Provided material →
○ ○ ○ ○
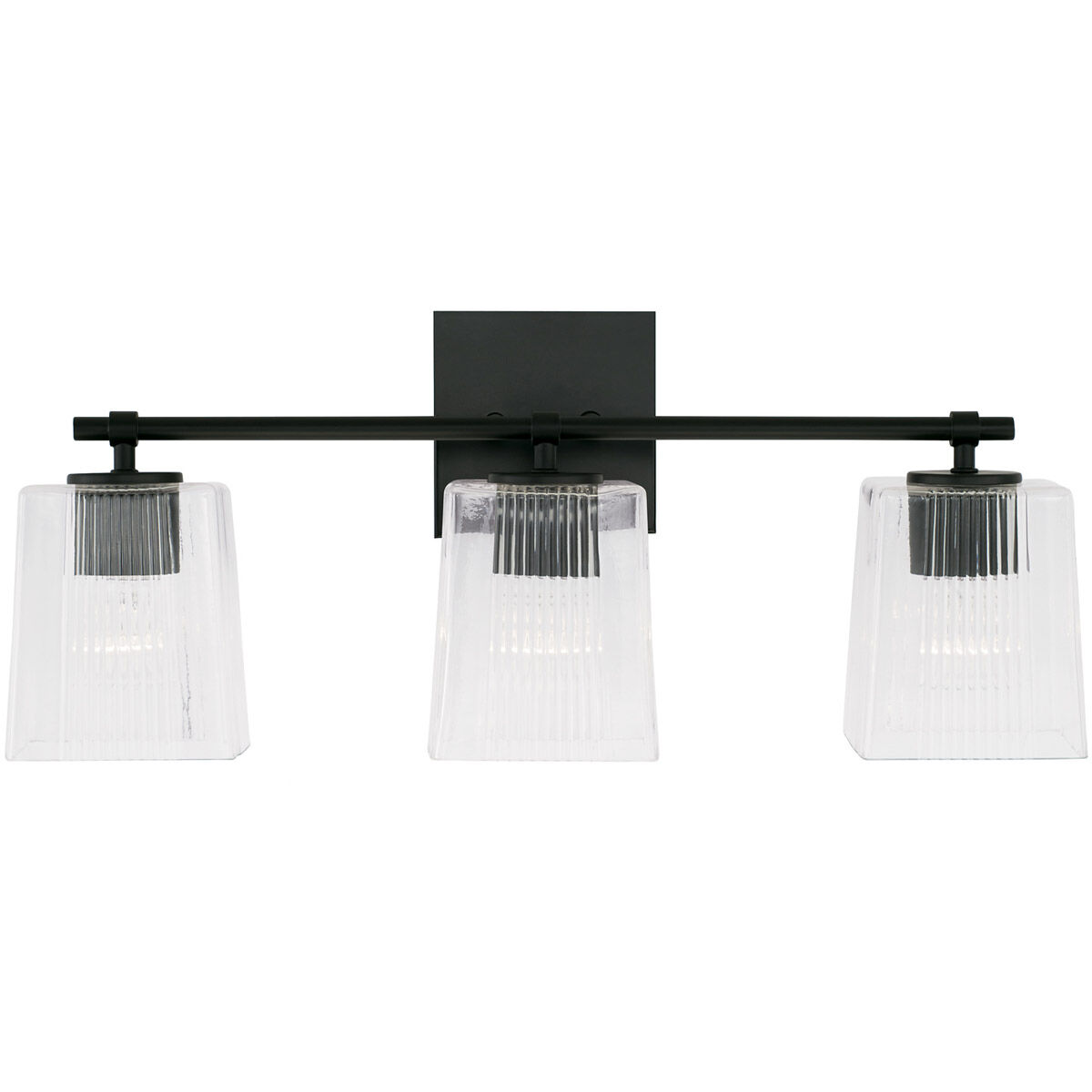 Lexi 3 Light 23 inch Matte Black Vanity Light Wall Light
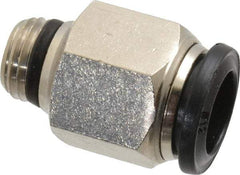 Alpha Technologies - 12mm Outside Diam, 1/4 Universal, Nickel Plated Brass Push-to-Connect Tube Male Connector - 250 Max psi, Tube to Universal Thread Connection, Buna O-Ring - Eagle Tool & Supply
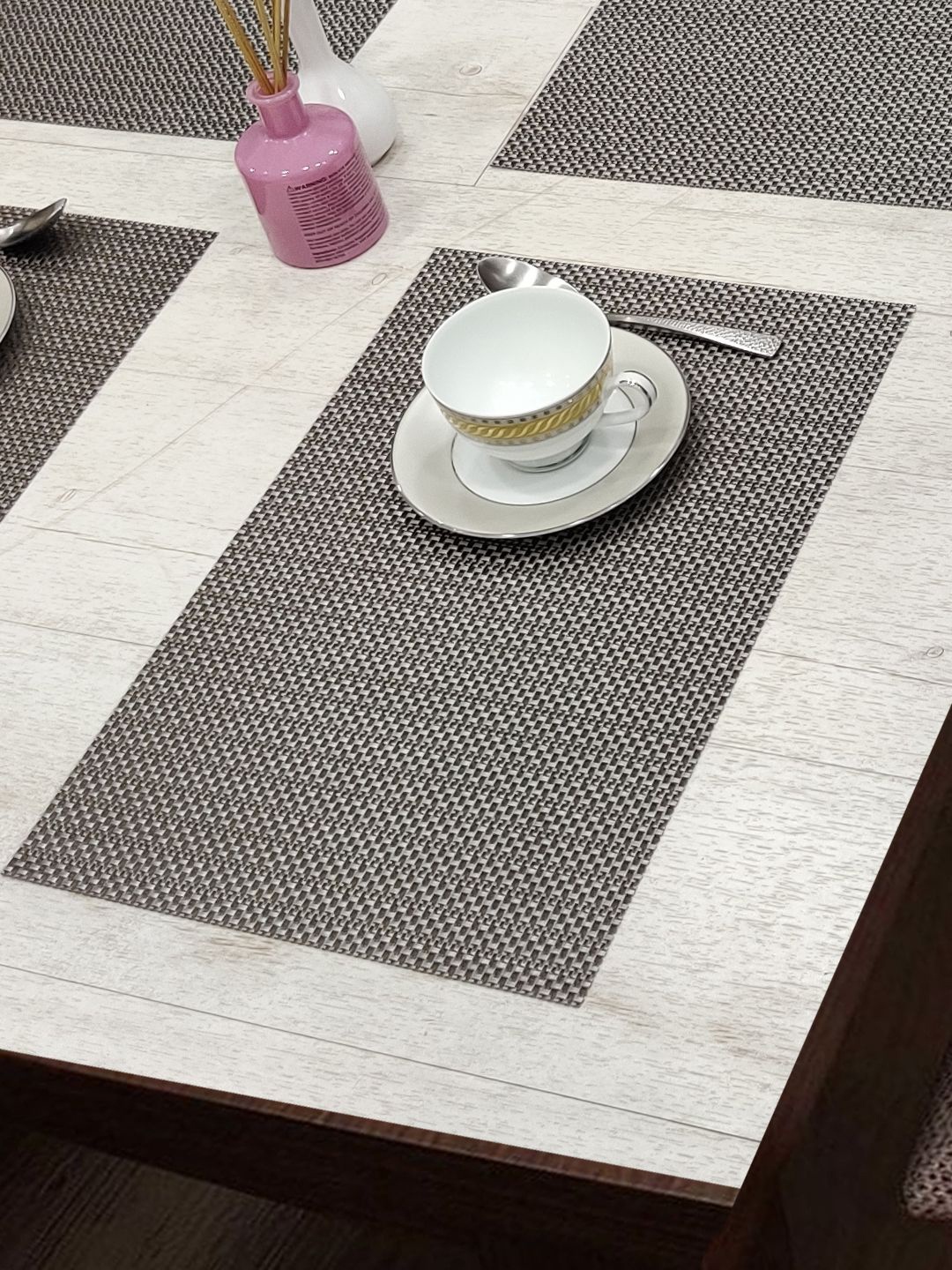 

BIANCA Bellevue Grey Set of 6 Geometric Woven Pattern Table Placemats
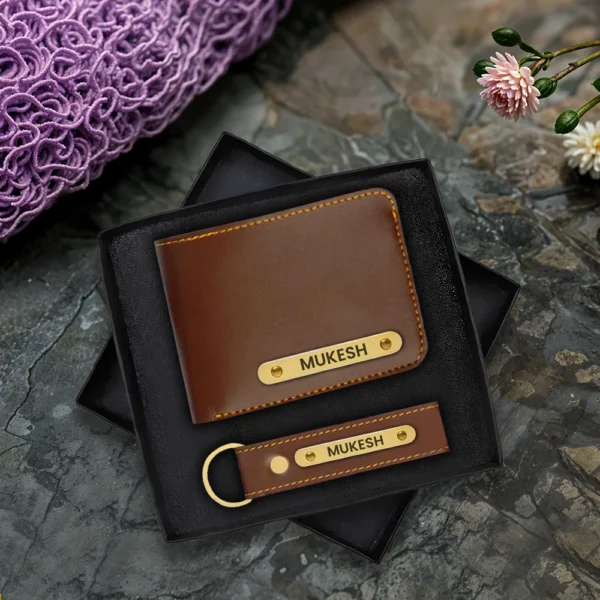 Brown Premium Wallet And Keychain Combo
○ ○ ○ ○
Work request → Where a line contains "BIANCA Bellevue Grey", begin there and set down exactly each line through the end of the data above, omitting any pictures.

Result of the task →
BIANCA Bellevue Grey Set of 6 Geometric Woven Pattern Table Placemats
 Brown Premium Wallet And Keychain Combo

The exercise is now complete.